Escritor, é autor de 'Atenção.' e 'Mentiras Reunidas'

Como Organizar uma Biblioteca

  • Preço R$64,90 (144 págs), R$37,90 (ebook)
  • Autoria Roberto Calasso
  • Editora Companhia das Letras
  • Tradução Patricia Peterle

Antes, é preciso alertar a proverbial leitora desavisada: "Como Organizar uma Biblioteca" não é um manual de como organizar sua biblioteca. O capítulo "Como organizar uma livraria" também não é sobre como organizar uma livraria.

Nesse livro, não se encontrarão dicas práticas de catalogação biblioteconômica, mas talvez se descubram as surpreendentes vantagens de uma biblioteca desordenada.

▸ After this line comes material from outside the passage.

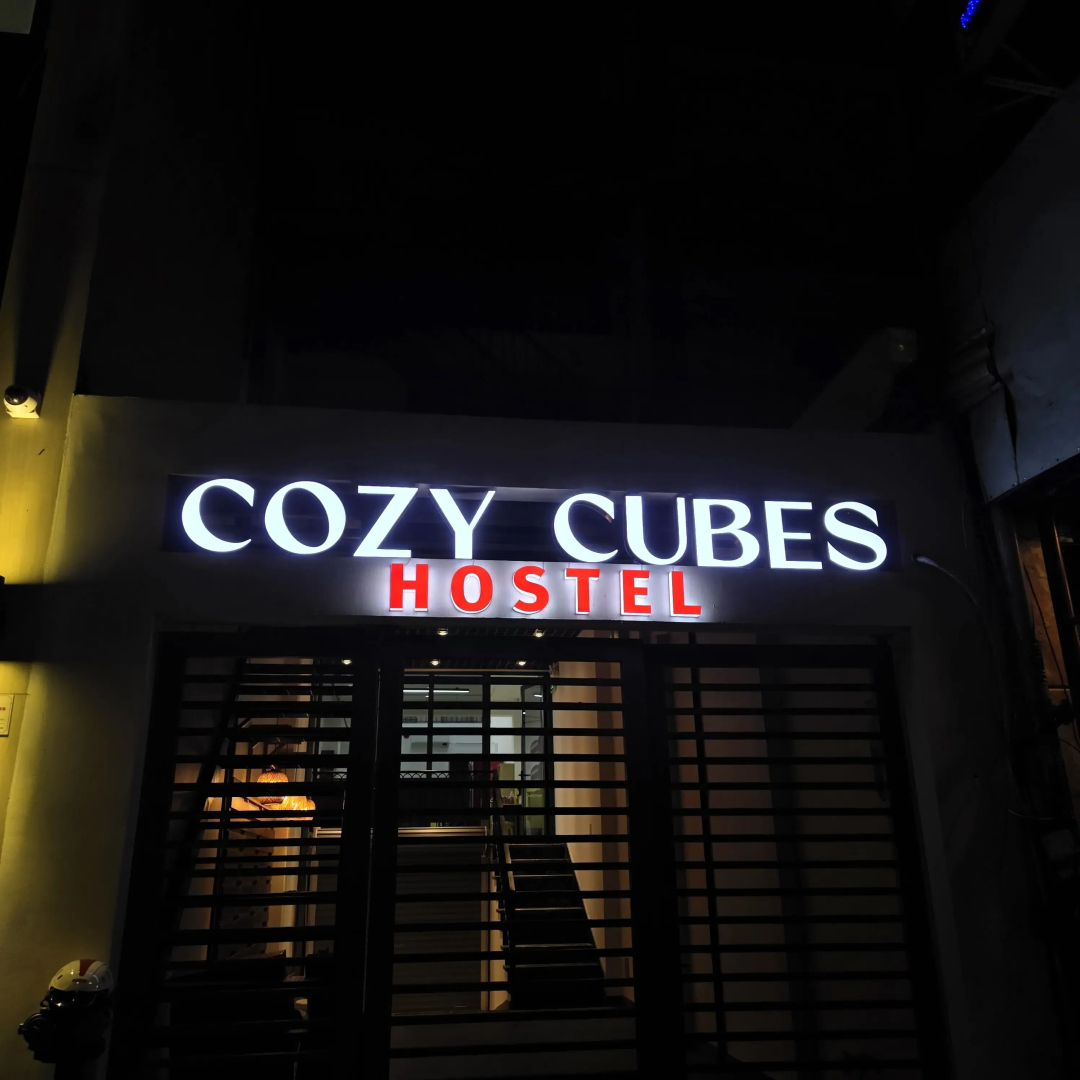 Хостел Cozy Cubes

O italiano Roberto Calasso, recentemente morto, é um dos mais famosos editores e ensaístas do século 20 na Europa. Ele começou a trabalhar na editora Adelphi em 1962, aos 21 anos, foi subindo na empresa, chegou a presidente em 1999 e, finalmente, em 2015, a comprou.

O escritor e editor italiano Roberto Calasso
O escritor e editor italiano Roberto Calasso - Giorgio Magister/Divulgação

Nos últimos 40 anos, escreveu uma série de livros mapeando um vasto panorama da cultura, da literatura e da arte ocidentais a partir de seus mitos fundadores.

O primeiro, publicado em 1983 e ainda inédito por aqui, foi "A Ruína de Kasch"; no Brasil, foram publicados "A Literatura e os Deuses" (2001) e "As Núpcias de Cadmo e Harmonia" (1988), ambos pela Companhia das Letras. Além disso, Calasso também escreveu diversas obras dedicadas a autores específicos, como "K." (2002), sobre Kafka, e "A Folie Baudelaire" (2008), sobre o poeta francês.

Em tudo o que escreveu, o elemento que mais se destaca é sua erudição sobre-humana. Calasso parecia ser o último intelectual total, daqueles ainda capazes de armazenar toda uma tradição cultural milenar em sua cabeça, articulando autores e obras com a facilidade que nós, cá fora, escalamos times de futebol e comentamos as tramas das novelas.

Italo Calvino, outro italiano genial que também parecia ter lido de tudo, assim descreveu "A Ruína de Kasch": "Esse livro tem dois assuntos: o primeiro é [o estadista francês Charles-Maurice de] Talleyrand, e o segundo é todo o resto".

O insight de Calvino vale para cada uma das obras de Calasso. O assunto de "Como Organizar uma Biblioteca" é, em primeiro lugar, a ordenação de livros e, em segundo, a totalidade do cosmos.

A obra é formada por quatro ensaios. O principal, que dá título ao conjunto e já vale o livro, foi publicado pela Adelphi, a editora de Calasso, em 2018. Os demais incluem o já citado "Como organizar uma livraria", um sobre as revistas literárias do período entreguerras, "Os anos das revistas" e um último contando a história da primeira resenha literária, "Nascimento da resenha".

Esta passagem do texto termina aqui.